Founded in 2015 with the mission of creating a open source version of Spanner (Google’s Cloud SQL database), Cockroach db is a distributed SQL database. In other words it is a Relational Database system (RDBMS) with the power of distributed architecture that provides scalability, availability and resiliency. Cassandra is also a distributed database but it is NOSQL and it is not RDBMS.

How Cockroach database gets its name ? Cockroach database got its name from the Cockroach insect. Like the resilient Cockroach species which survived even the catastrophe of dinosaur extinction, data stored in Cockroach db are also very resilient.

Among the ACID transaction guarantee,Cockroach db provides Serializable Isolation which is the highest possible Isolation level that can be provided by databases.

What is ACID transaction guarantee ?

  • Atomicity – Its all or nothing.

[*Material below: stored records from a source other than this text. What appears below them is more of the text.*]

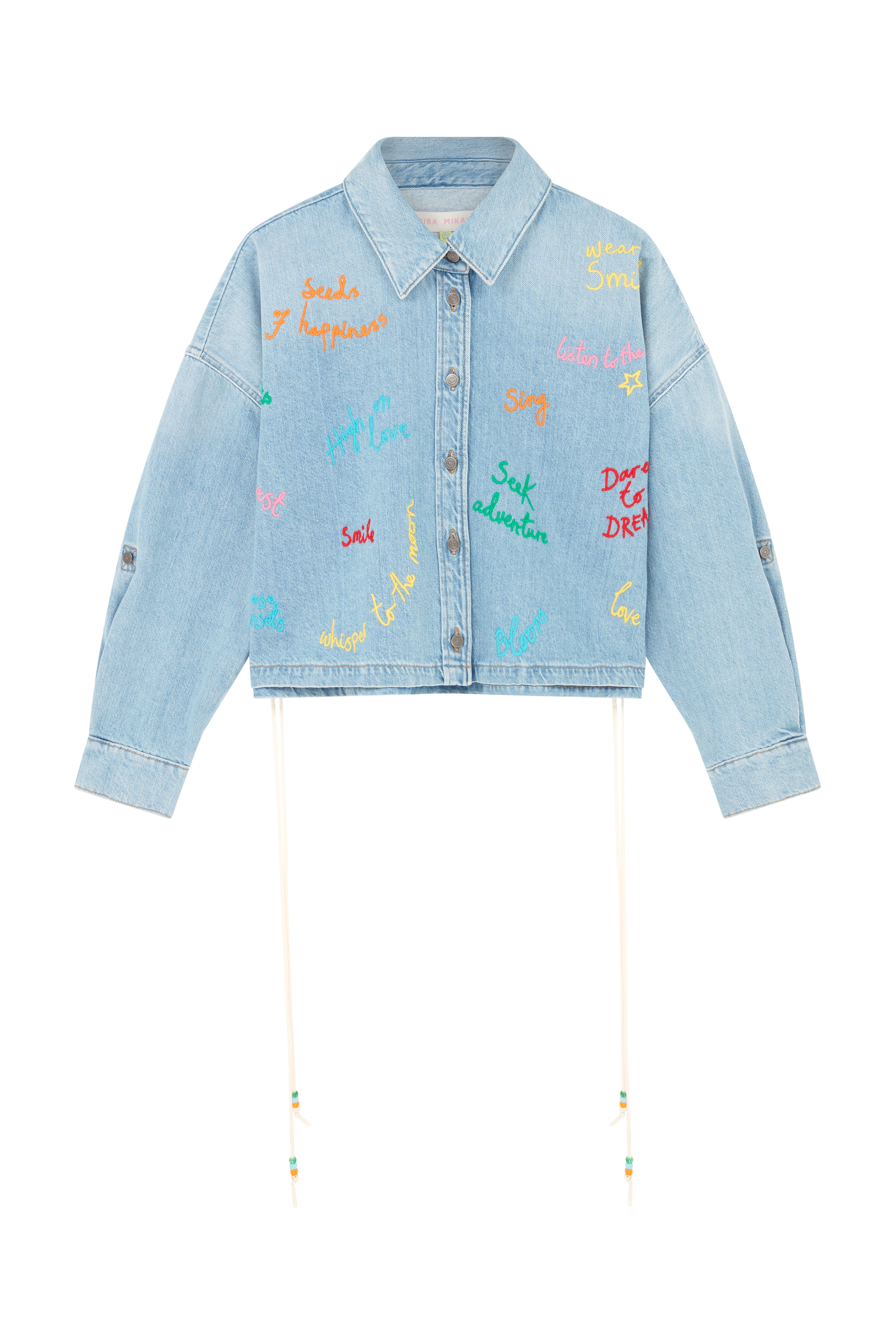 Embroidered Word Bubble Hem Shirt 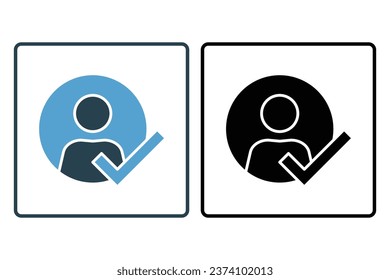 Genehmigungskennung Symbol im Zusammenhang mit Identität. Geeignet für Webdesign, App, Benutzeroberfläche, Benutzeroberflächen. Solid-Icon-Stil. Einfaches Vektordesign bearbeitet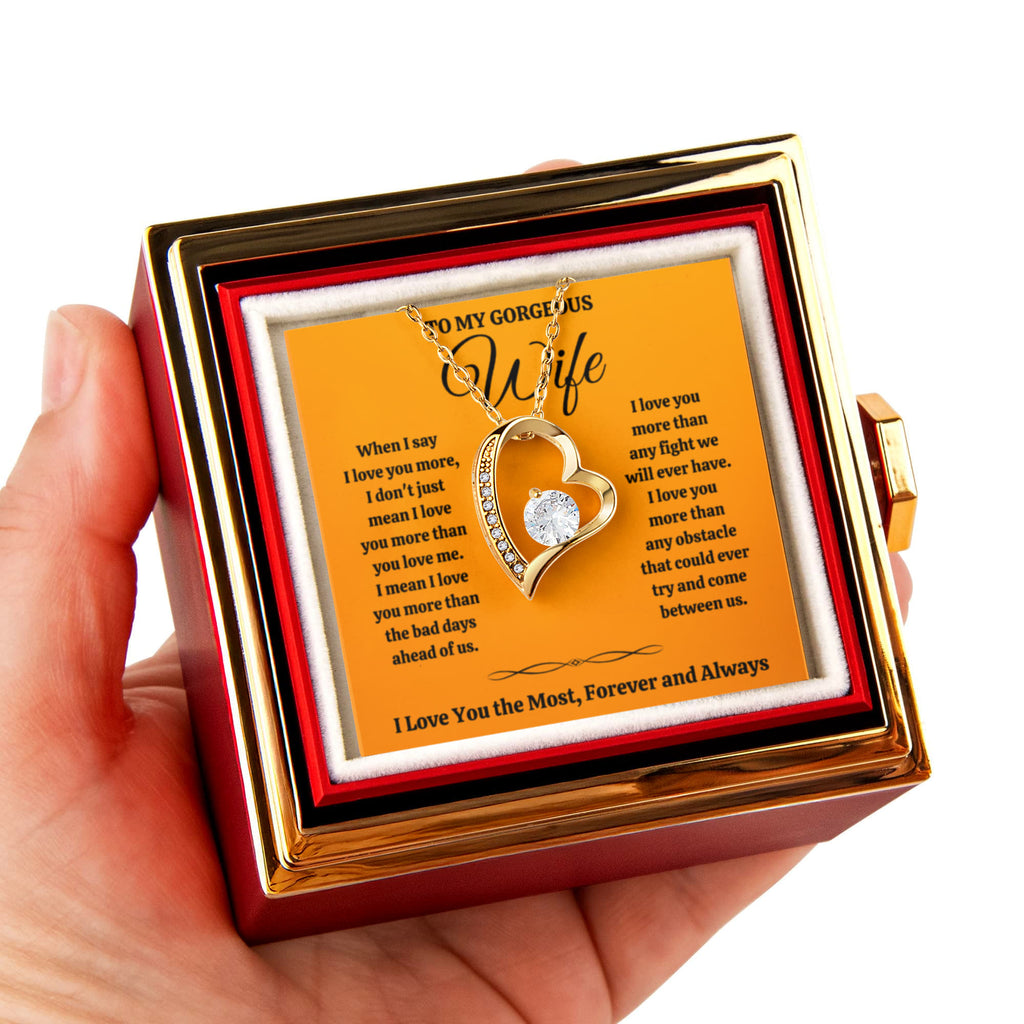 To My Wife Most Forever Love Necklace Rose Box Gift Set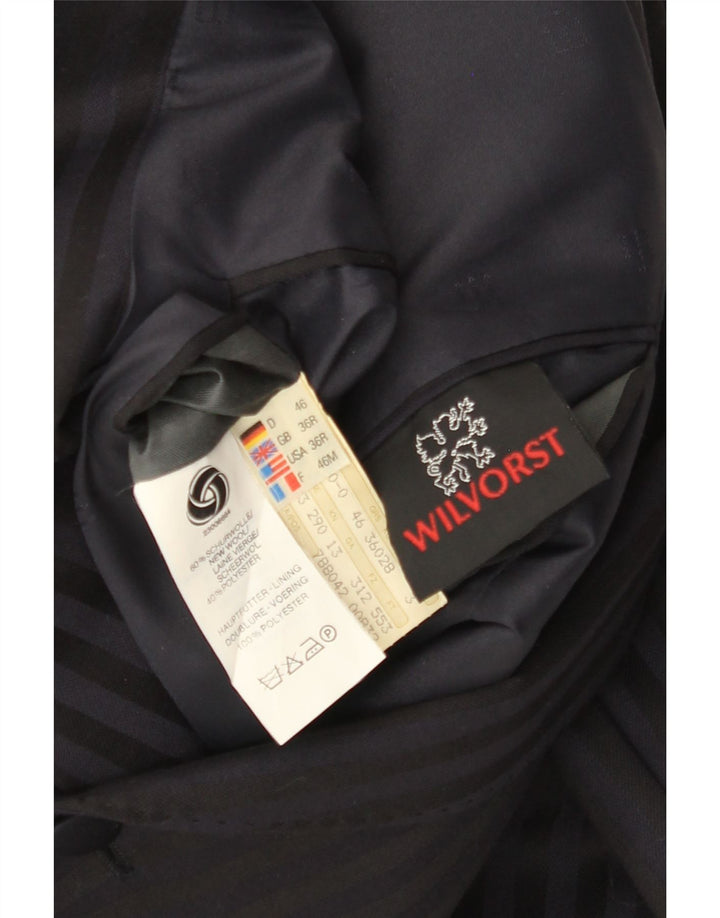 Wilvorst Chaqueta tipo blazer con doble botonadura para hombre UK 36 Small Azul marino a rayas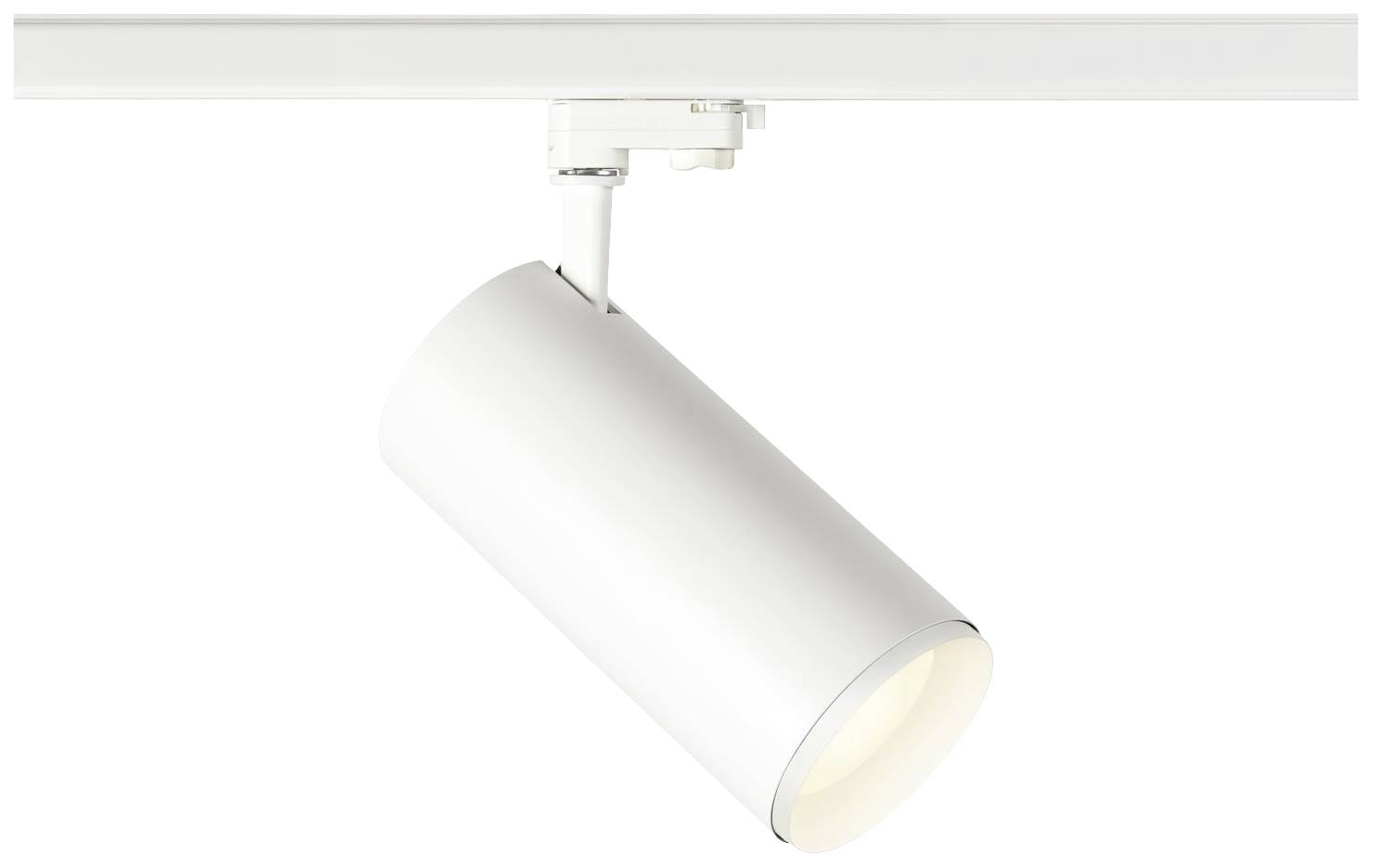 Projecteur cylindrique blanc monté sur rail, avec la lumière allumée et dirigée vers le bas.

If a part of the transaction fails the whole transaction should be rolled back.
  • Consistency – It enforces rules like foreign key or any other constraints on data so that the data will be consistent from one state to another.
  • Isolation – Even if the database does things in parallel and once done, it should appear to have been done serially one after the other.
  • Durability – Once committed the data should be available even in case of a node failure.

Important Concepts of Cockroach Database:

  1. Keyspace: Cockroach db stores all the user data and almost all system data in a single, huge sorted map of key value pairs.
  2. Ranges: The keyspace is divided into small units of a specific size (64 MiB by default) called ranges. If the range grows in size they split into 2.
  3. Replicas: The ranges are replicated based on the replication factor and then stored in the nodes of the cockroach db. If there are 3 nodes with a replication factor of 3 (3 is default), each range will be copied into each node. In other words there will be 3 copies of the same range in the cluster. To keep all the replica in sync, CockroachDB uses the Raft consensus algorithm. When the range splits the replicas split as well.

Install Cockroach db in windows as shown below via PowerShell or use a free cloud cluster as shown in the Cockroach db university website link:

PS C:\WINDOWS\system32> $ErrorActionPreference = "Stop"; [Net.ServicePointManager]::SecurityProtocol = [Net.SecurityProtocolType]::Tls12;$ProgressPreference = 'SilentlyContinue'; $null = New-Item -Type Directory -Force $env:appdata/cockroach; Invoke-WebRequest -Uri https://binaries.cockroachdb.com/cockroach-v21.2.8.windows-6.2-amd64.zip -OutFile cockroach.zip; Expand-Archive -Force -Path cockroach.zip; Copy-Item -Force "cockroach/cockroach-v21.2.8.windows-6.2-amd64/cockroach.exe" -Destination $env:appdata/cockroach; $Env:PATH += ";$env:appdata/cockroach"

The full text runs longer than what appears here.